On March 5th, 2010 Department of Energy (DOE) filed a motion with the Nuclear Regulatory Commission (NRC) to withdraw the application to build and operate Yucca Mountain.
About one year ago President Barack Obama cut all funding for the DOE's work towards realizing Yucca Mountain apart from answering questions from the NRC related to the license application.
The current route for the nation is the 15-member Blue Ribbon Commission on America's Nuclear Future, nominated last month (Feb 2010). It is to evaluate fuel-cycle and disposal options, including the reprocessing of used nuclear fuel, but will not touch on any siting concerns. Work for the group begins with its first meeting on 25-26 March and will continue until 2012.
Critics say the geology of the mountain ridge 100 miles northwest of Las Vegas is unsuitable for safe storage of nuclear waste for periods that would stretch beyond tens of thousands of years. Further, they say shipping the radioactive material to Nevada would invite accidents and possible attacks.
But others contend the DOE strategy to place waste in corrosion-resistant containers within Yucca Mountain tunnels will meet federal safety standards for up to 1 million years.
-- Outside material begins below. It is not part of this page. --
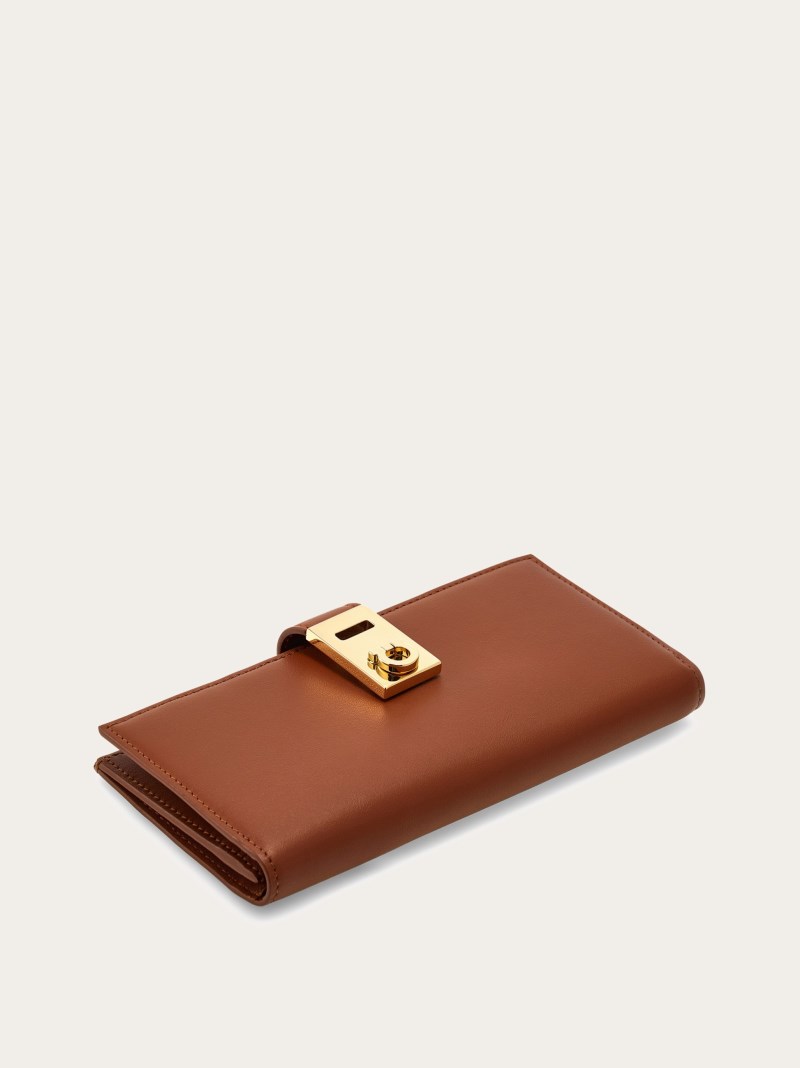 Ferragamo | Women's Hug Continental Wallet - Cognac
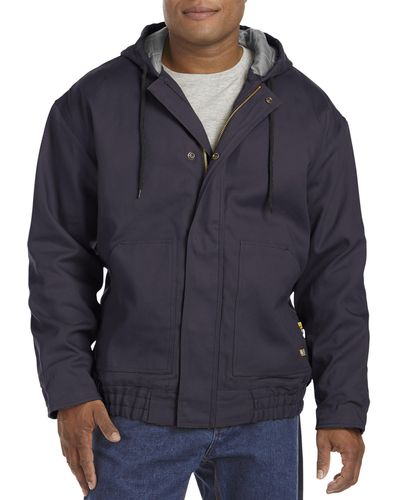 Bernè Big & Tall Flame-resistant Quilt-lined Hooded Jacket - Blue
The Nuclear Regulatory Commission staff is in the midst of multiyear safety review, while panels of the commission's administrative judges are hearing legal challenges to the project. Both would come to an end if the Department of Energy is given permission to withdraw a construction application.
After three decades, the country is back to square one on the construction of a national nuclear waste long term storage facility.
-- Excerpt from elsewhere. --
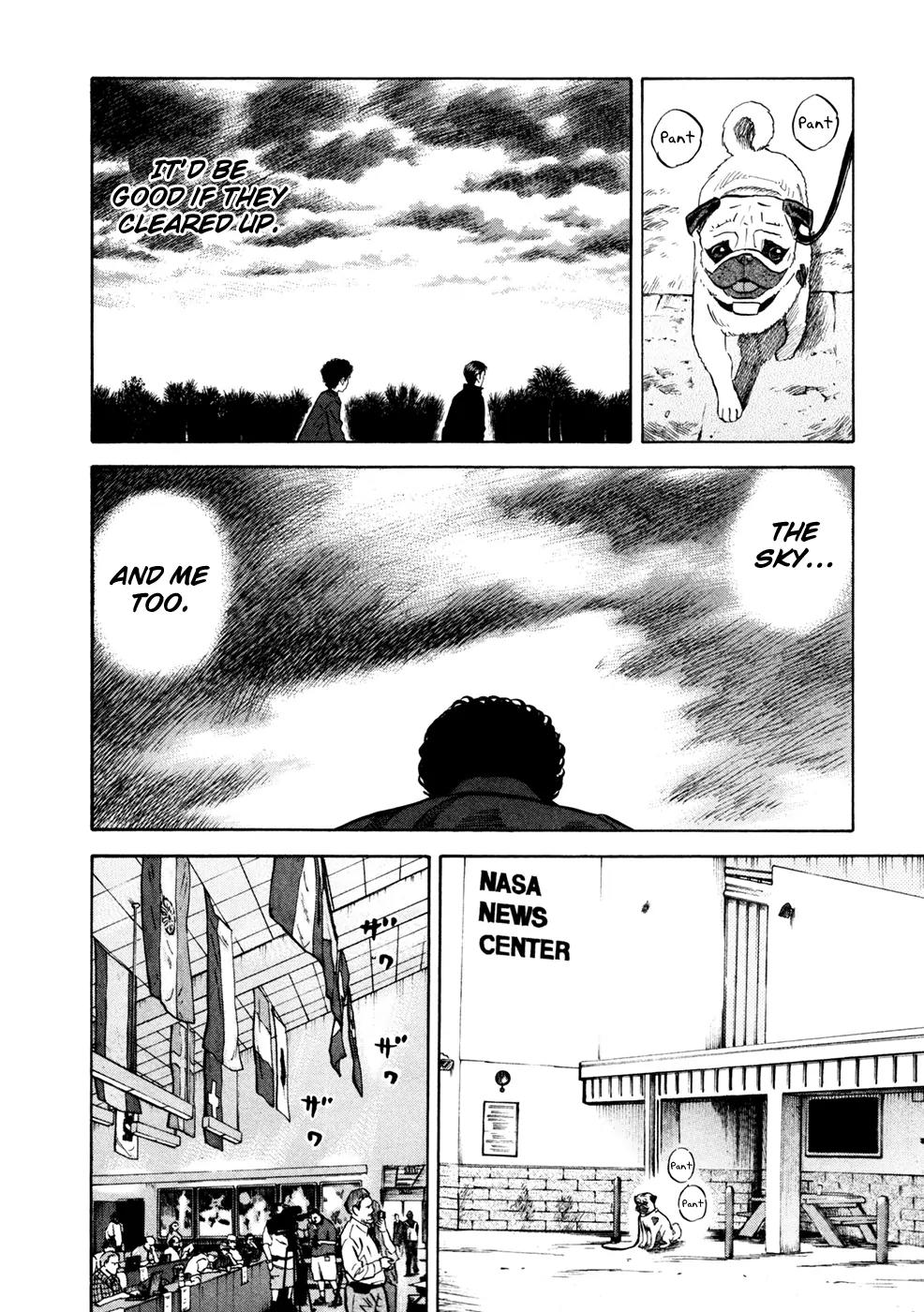Uchuu Kyoudai Chapter 56 page 17 - Chapter 56 : 50/50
The reasons for the change in direction have been rather vague. Concerns about the safety of transporting dangerous radioactive waste cross country by rail have been cited. But, there have been transports of waste going on for years without an accident or terrorist threats.
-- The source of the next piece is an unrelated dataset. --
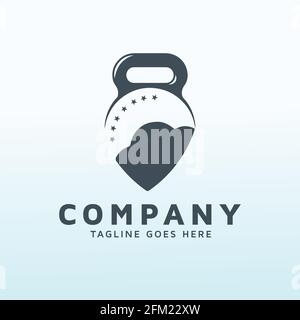 cloud based cyber security fitness logo vector design template Stock Vector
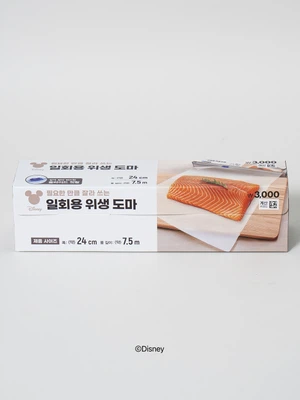 디즈니 일회용 도마 24 cm X 7.5 m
In addition, questions have been raised about earthquake faults near the Yucca site, but previous DOE scientists have said that tectonic and seismic activity would not affect the natural systems. The ongoing tectonic deformation happens at such a slow rate, it would not affect the area for the 10,000 year duration of compliance.
If Yucca Mountain remains an unviable repository for the country’s radioactive nuclear waste, the material will have to be stored on the site of each nuclear power plant. It would not be an immediate problem for newer designs and future plants, which would have time and storage capacity to wait out the development for a new repository plan. But older facilities like the Dresden Nuclear Power plant, could inevitably have to store its waste well past the 60 year decommission time.

Timeline update 2010
- On March 3rd 2010, the DOE submitted a motion to withdraw its pending license application for a permanent geologic repository at Yucca Mountain, Nevada asking the Board to dismiss its application with prejudice and to impose no additional terms of withdrawal.
- March 3rd, 2010 the State of Washington (Washington) petitions for leave to intervene in this proceeding.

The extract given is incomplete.